Wednesday 22 December 2021

affordancetheory

Working on various iterations of 3D printed flexible structures that can be manipulated in the hand. Starting with quick sketches to make sense of how they might work but the affordance of the structures can only really be understood when the structures are actually printed and in the hand. https://www.learning-theories.com/affordance-theory-gibson.html Onto screens – Tokoyo – Leos Carax, Michel Gondry and Bong Joon Ho have created an extraordinary triptych of a movie - https://www.imdb.com/title/tt0976060/?ref_=fn_al_tt_1  Titane – too slasher too brutal for me.

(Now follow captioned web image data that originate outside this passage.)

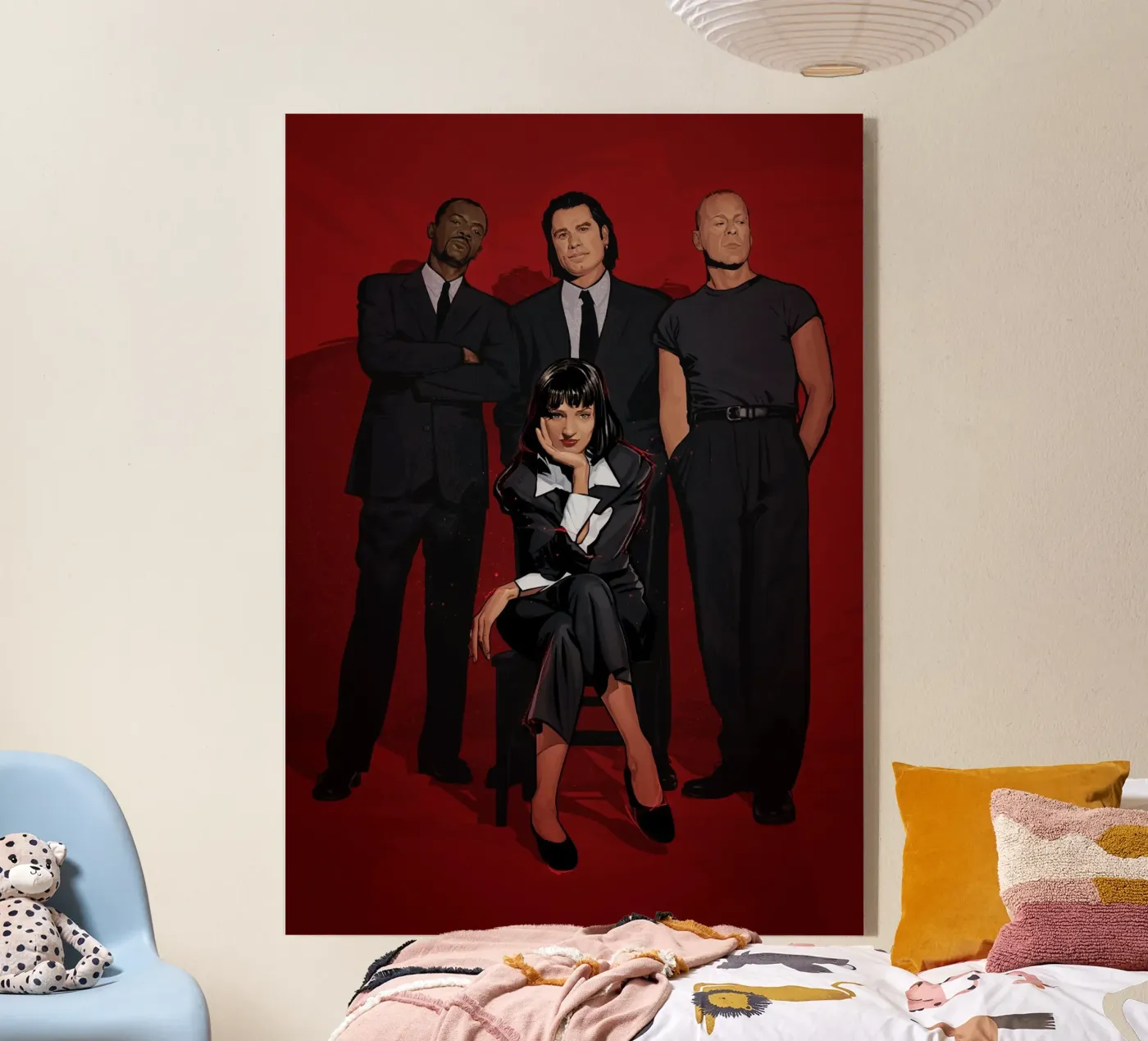 Pulp Fiction Group plexiglass da nabakumov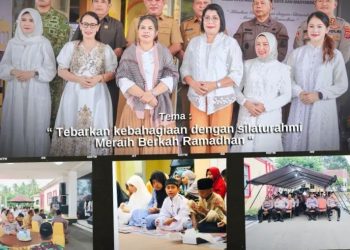 Bupati MBD Hadiri Buka Puasa Bersama Polres, Pererat Silaturahmi di Bulan Ramadhan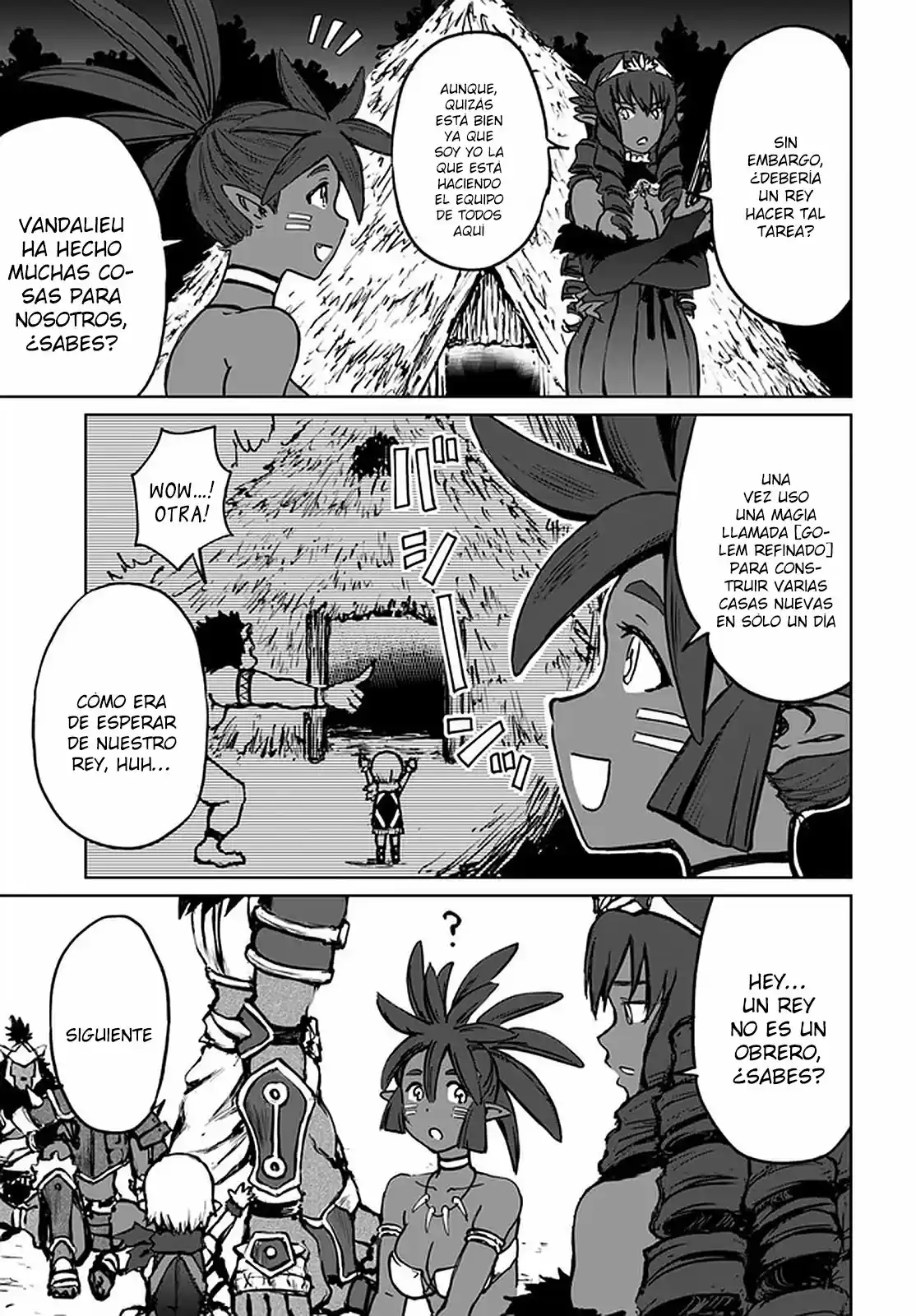 The Death Mage that doesn’t want a fourth time - Capítulo 19 - Página 27 - LectorTMOo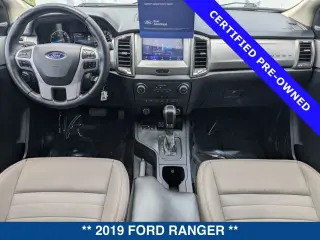Ford Ranger 2019 4x2 XLT 4 puertas SuperCrew con caja de 5.1 pies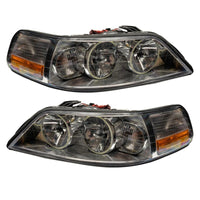 Oracle 05-11 Lincoln Town Car SMD HL (Non-HID) - ColorSHIFT w/ BC1 Controller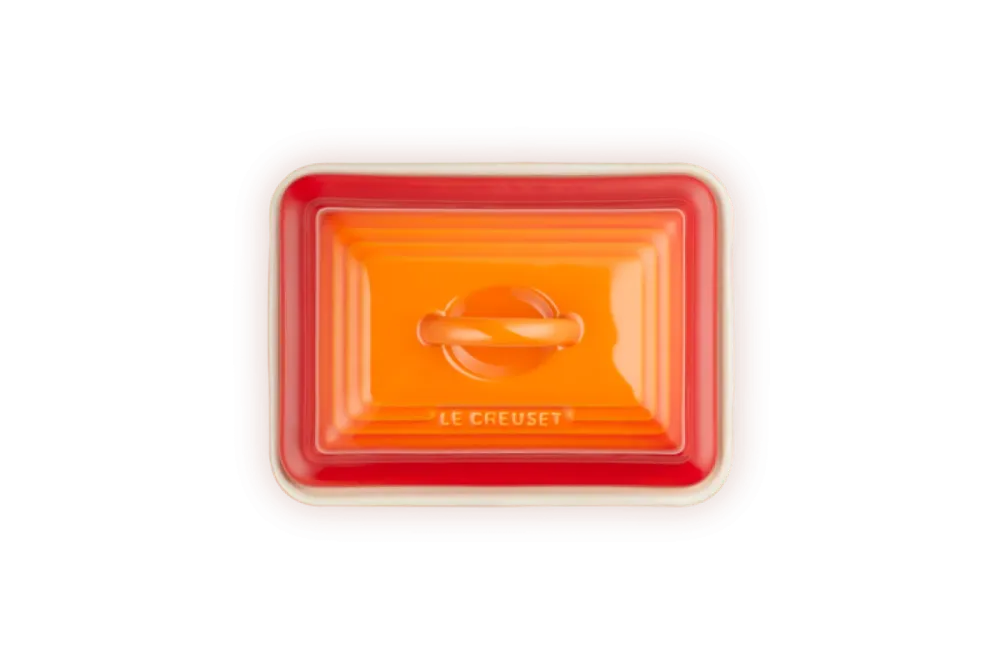 Botervloot Oranje-Rood Le Creuset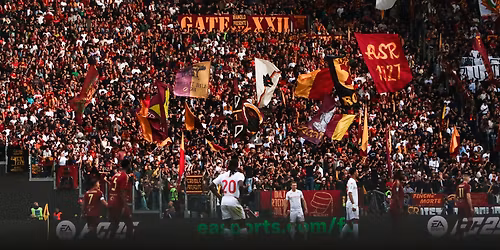 AS Roma vs. AFC Fiorentina at Stadio Olimpico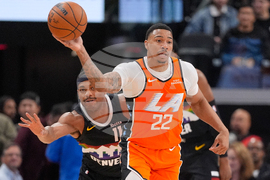 Nuggets Clippers Basketball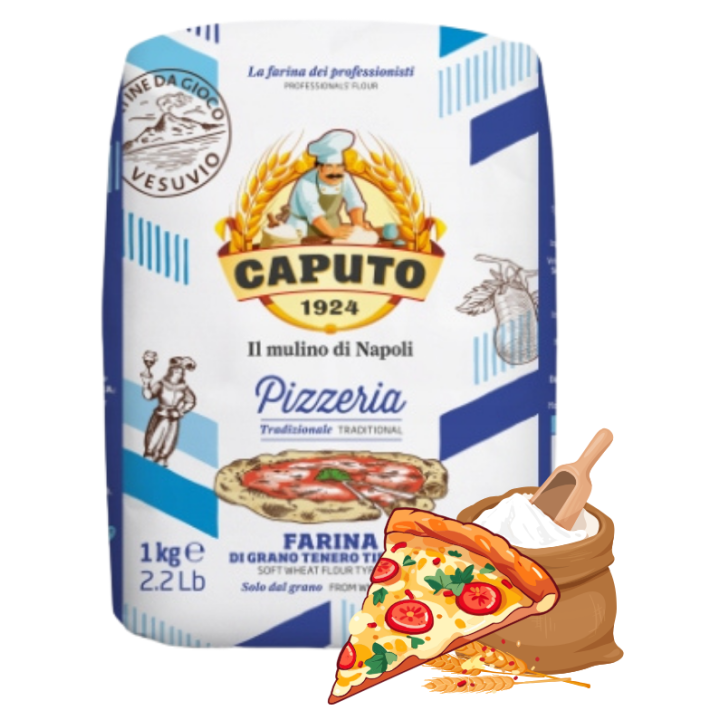 Mąka pszenna włoska pizzeria - mąka na pizzę włoską 5kg CAPUTOAMK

Wednesday 15 December 2021

surroundedbythepast



Set out to see the Turner Prize at the Herbert Art Gallery – interesting challenge to hang process, collaborative community engaged work in a gallery and even though I wanted Black Obsidian Sound System to win Array Collective created an interesting space and set out an eerie feel. I spend several hours surrounded by the past looking at old photos, me and my best friend Gary Lewis, two weddings - my Aunt Floss and Aunt Beat, a car that my grandparents were driving when hit by a coal lorry, a now and then photo via street view and a gif of the space my house used to occupy. Meanwhile assessments are over, and Christmas is almost here.

Monday 6 December 2021

potterswheelasturntable

Editioning the work - book as image as book.  A busy day in London – first up - in Whitechapel to check out material possibilities – lots of thinking….’African’ textile shops to think about pattern and meaning… and my next shirt material, 4D model shop unsure how they will fare with the onset of 3D printers. Theaster Gates at Whitechapel is sublime - great work that connects his past to his present through pottery. The film is just beautiful - potters wheel as turntable.....Unsure about the show at Sadie Cole HQ. Tate Britain was interesting - The Duveen galleries are full of noise, projections, lights, moving images and objects but it's a little uuuummmh. I spent time with the 'Seagram' Rothko's thinking about my younger self who had sat with them as an art student in the 80s. Whilst wandering the spaces I came across one of my all-time 'favourite' images - Donald Rodney - In the house of my father, a model made of skin grafts created whilst attempting to deal with sickle cell which went onto kill him. onto screens - Tick Tick Boom - fun and clever Get back - extraordinarily dull and yet  simultaneously mesmerizing.